The motion reads as follows:
6365
That, in the opinion of this House, the government should consider the advisability
of reaffirming its commitment to seek to achieve the goal of eliminating poverty among
Canadian children by the year 2000.
In a country that has already won international recognition for
its quality of life, it may seem strange that it should be necessary
to advise the government to deal with a problem as serious as
that of child poverty. Children are a country's greatest asset, and
it is thanks to them that nations develop and evolve. Thanks to
them, we can look forward to the future.
However, according to a recent study by the Canadian
Institute of Child Health, in 1991 1.2 million children in Canada
were living in poverty, which is 500,000 more than in 1981.
Today, 20 per cent of our children live in poverty in this country.

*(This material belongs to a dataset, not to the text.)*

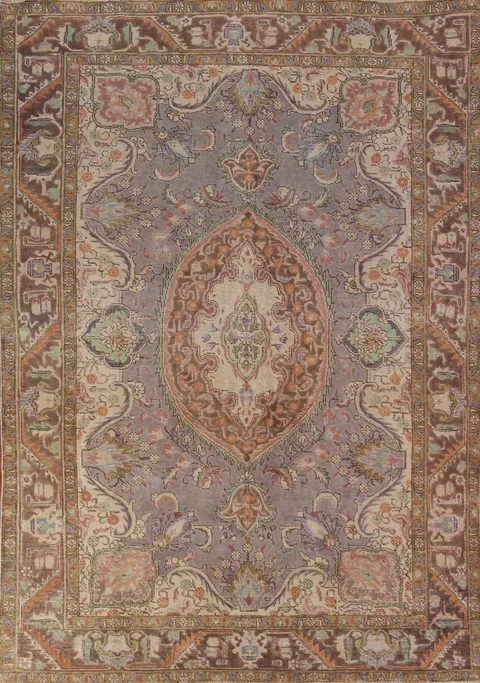 Gray Wool Medallion Tabriz Persian Area Rug 7x9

The hon. member who moved the motion mentioned more
recent figures-1.3 million children-which indicates a trend
and shows that the situation continues to deteriorate.
Forty-two per cent of child deaths before the age of one year
can be attributed to prenatal conditions. The mother's quality of
life before birth is crucial to the life expectancy of the child. The
incidence of learning disabilities and mental health problems
among children from poor families is double that of children in
the rest of the population.
If I may, I shall digress for a moment. I was told recently that
even in the supposedly richer areas, children in increasing
number go to school without breakfast or a nutritious lunch. No
wonder their failure rate is so high and they eventually become
high-school dropouts.
One cannot talk about child poverty without talking about
poor families. As we all know, in the past few years, the average
family income has not kept up with the cost of living.
(1825)
According to the same report on child health I quoted earlier,
in Quebec, in 1993, a single parent earning the minimum wage
had to work 73 hours to have an income equivalent to the
poverty level. In Canada, the same single parent on social
assistance, with one dependant child, would receive 65 per cent
of that. In 1991, 453,200 single parents were women whereas a
mere 83,600 were men. Therefore, we cannot talk about child
poverty without talking about the poverty of mothers, especially
single mothers.
Single families make up 20 per cent of all families, but the
most alarming situation is that of single mothers with children.
Indeed, in Canada, close to 90 per cent of children living with a
single mother live in poverty.
Our young people, and that includes children of course, find
themselves in a situation we had not seen since the Depression,
that is to say that they are in a worse predicament than the
previous generation. They have less opportunities than their
parents had. The report on child health in Canada, which was
published this week, and from which I got my statistics, was
funded mostly by the federal government. I would like to hope
that the federal government reacts quickly and with concrete
measures in the light of this troubling conclusion because it
would be obscene for the government to commission a study and
then to ignore its findings, particularly when it comes to the
health of our children.
As my hon. colleague who introduced the motion indicated,
this is not the first time that the House of Commons looks into
child poverty. On november 24, 1989, at the initiative of the hon.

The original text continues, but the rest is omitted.